Hi May I check if propertyguru.sg can still be scraped?

benjamin-mak commented 1 year ago

@Arvedek I could not get cloudscrapper to work, so I used a third-party web scraper to assist me. However, it also does not fully work, I managed to get about 70-80% of the data only

benjamin-mak commented 1 year ago

If you want, I can share with you the code and you can try it for yourself.

Arvedek commented 1 year ago

If you want, I can share with you the code and you can try it for yourself.

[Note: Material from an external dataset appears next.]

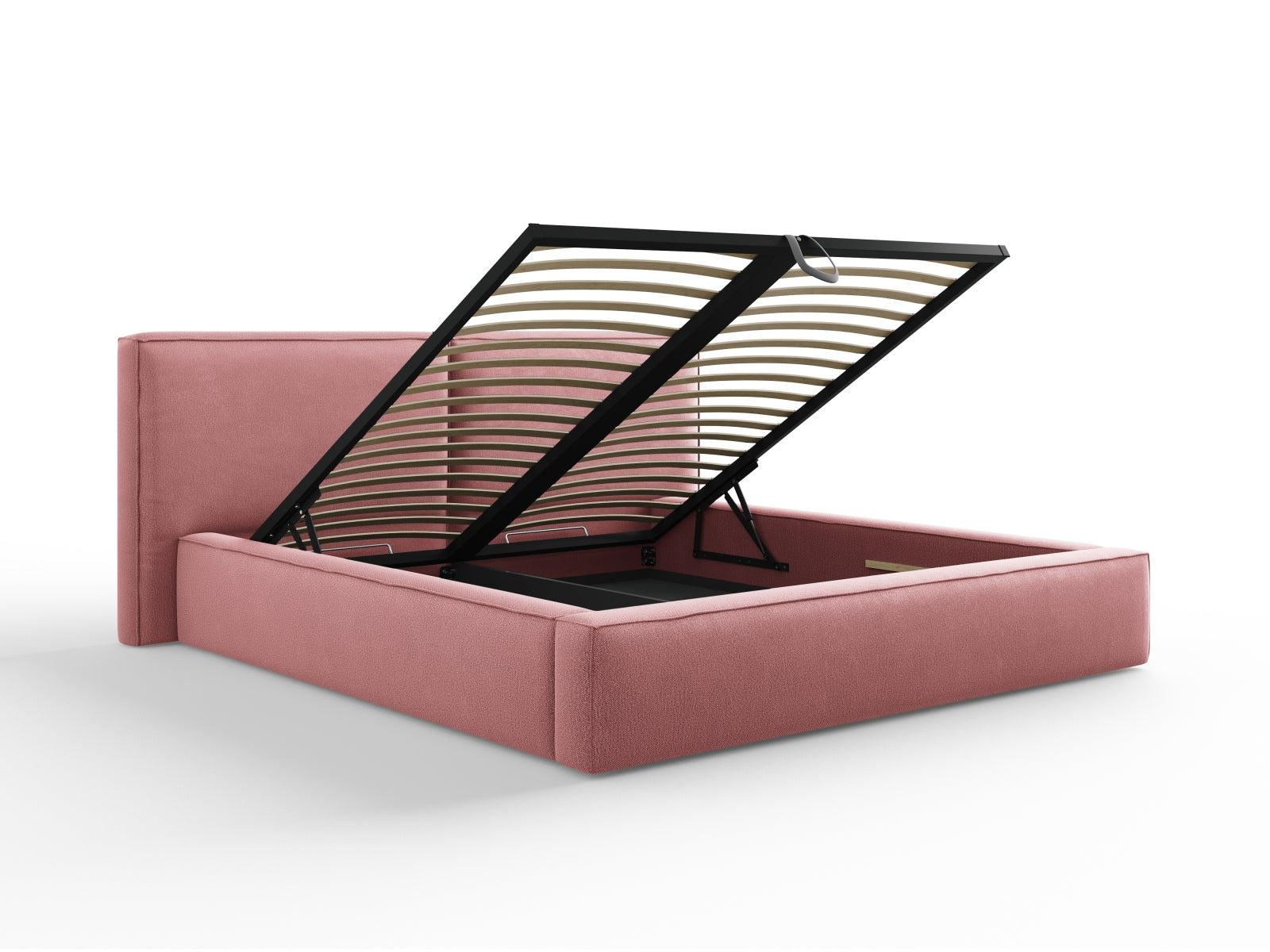 Modernes Jodie Bett in sanftem Rosa, ausgestattet mit Stauraum und doppeltem Kopfteil, perfekt für eine stilvolle und funktionale Schlafumgebung.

That would be nice! Thanks

benjamin-mak commented 1 year ago

Go to my profile and follow me on Linkedin, I'll share with you there

Arvedek commented 1 year ago

Done> Go to my profile and follow me on Linkedin, I'll share with you there

SungLuRent commented 9 months ago

I'm also scraping for SG. The cloudscraper did work, but I got 403 frequetly after sending certain amount of requests. I wonder that is this the only problem existing in SG PropertyGuru? If it's not the only issue in SG version, may I know how did you manage to deal with it? edit: I figured out that the 403 reponses mean the cloudscraper didn't work. The 403 page would lately execute self invoking JavaScript and bring user to the anti-bot page. It seems there are almost no good off-line(not using any scraping online API) approaches to bypass cloudflare anti-bot now(I tried undetected_chromdriver). I have an alternaltive, is to pass anti-bot by human then copy the cloudflare token. Using the same IP the same User-Agent, it should provide about 30 ~ 60 mins to scrape semi-automatically.